[RECORDS FOR THE TASK]
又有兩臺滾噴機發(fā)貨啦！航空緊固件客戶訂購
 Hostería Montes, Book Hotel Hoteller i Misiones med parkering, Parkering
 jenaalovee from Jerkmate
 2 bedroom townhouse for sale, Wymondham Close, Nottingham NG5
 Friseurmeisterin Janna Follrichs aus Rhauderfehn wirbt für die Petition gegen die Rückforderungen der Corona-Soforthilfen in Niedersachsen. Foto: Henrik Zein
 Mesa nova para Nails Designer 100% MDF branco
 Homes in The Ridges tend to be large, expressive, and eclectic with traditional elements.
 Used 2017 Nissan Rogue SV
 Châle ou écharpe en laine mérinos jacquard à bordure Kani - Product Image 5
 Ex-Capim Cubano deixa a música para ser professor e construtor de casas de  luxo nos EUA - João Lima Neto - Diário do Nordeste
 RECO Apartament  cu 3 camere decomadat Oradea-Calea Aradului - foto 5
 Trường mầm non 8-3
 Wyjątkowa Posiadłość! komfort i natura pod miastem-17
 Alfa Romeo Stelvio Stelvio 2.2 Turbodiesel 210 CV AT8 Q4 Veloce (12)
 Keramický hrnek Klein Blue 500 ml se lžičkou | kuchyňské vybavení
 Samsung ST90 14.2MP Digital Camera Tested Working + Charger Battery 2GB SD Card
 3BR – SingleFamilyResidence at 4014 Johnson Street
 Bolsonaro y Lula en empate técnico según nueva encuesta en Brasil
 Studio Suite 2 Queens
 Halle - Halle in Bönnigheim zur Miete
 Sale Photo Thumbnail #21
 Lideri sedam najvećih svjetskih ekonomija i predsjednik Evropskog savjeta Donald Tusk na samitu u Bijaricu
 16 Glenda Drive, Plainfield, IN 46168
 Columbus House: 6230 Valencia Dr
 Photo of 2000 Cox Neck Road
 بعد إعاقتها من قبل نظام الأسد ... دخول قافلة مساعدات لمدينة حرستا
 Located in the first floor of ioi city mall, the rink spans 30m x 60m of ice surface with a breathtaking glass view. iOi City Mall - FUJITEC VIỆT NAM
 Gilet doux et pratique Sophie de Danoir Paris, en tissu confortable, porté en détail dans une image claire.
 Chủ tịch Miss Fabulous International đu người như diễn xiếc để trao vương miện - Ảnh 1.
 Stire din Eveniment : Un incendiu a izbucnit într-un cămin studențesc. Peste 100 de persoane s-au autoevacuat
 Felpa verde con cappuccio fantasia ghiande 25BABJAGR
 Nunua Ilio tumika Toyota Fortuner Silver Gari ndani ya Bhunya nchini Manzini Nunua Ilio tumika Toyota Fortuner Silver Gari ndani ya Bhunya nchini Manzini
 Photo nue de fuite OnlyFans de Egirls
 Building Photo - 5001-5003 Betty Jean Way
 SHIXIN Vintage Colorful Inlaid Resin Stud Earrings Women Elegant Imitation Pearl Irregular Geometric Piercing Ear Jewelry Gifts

[THE TASK] Lines from the one containing "Alfa Romeo Stelvio" through the final line of the entries are the only ones to print, and each must match exactly.

[TASK SOLUTION]
 Alfa Romeo Stelvio Stelvio 2.2 Turbodiesel 210 CV AT8 Q4 Veloce (12)
 Keramický hrnek Klein Blue 500 ml se lžičkou | kuchyňské vybavení
 Samsung ST90 14.2MP Digital Camera Tested Working + Charger Battery 2GB SD Card
 3BR – SingleFamilyResidence at 4014 Johnson Street
 Bolsonaro y Lula en empate técnico según nueva encuesta en Brasil
 Studio Suite 2 Queens
 Halle - Halle in Bönnigheim zur Miete
 Sale Photo Thumbnail #21
 Lideri sedam najvećih svjetskih ekonomija i predsjednik Evropskog savjeta Donald Tusk na samitu u Bijaricu
 16 Glenda Drive, Plainfield, IN 46168
 Columbus House: 6230 Valencia Dr
 Photo of 2000 Cox Neck Road
 بعد إعاقتها من قبل نظام الأسد ... دخول قافلة مساعدات لمدينة حرستا
 Located in the first floor of ioi city mall, the rink spans 30m x 60m of ice surface with a breathtaking glass view. iOi City Mall - FUJITEC VIỆT NAM
 Gilet doux et pratique Sophie de Danoir Paris, en tissu confortable, porté en détail dans une image claire.
 Chủ tịch Miss Fabulous International đu người như diễn xiếc để trao vương miện - Ảnh 1.
 Stire din Eveniment : Un incendiu a izbucnit într-un cămin studențesc. Peste 100 de persoane s-au autoevacuat
 Felpa verde con cappuccio fantasia ghiande 25BABJAGR
 Nunua Ilio tumika Toyota Fortuner Silver Gari ndani ya Bhunya nchini Manzini Nunua Ilio tumika Toyota Fortuner Silver Gari ndani ya Bhunya nchini Manzini
 Photo nue de fuite OnlyFans de Egirls
 Building Photo - 5001-5003 Betty Jean Way
 SHIXIN Vintage Colorful Inlaid Resin Stud Earrings Women Elegant Imitation Pearl Irregular Geometric Piercing Ear Jewelry Gifts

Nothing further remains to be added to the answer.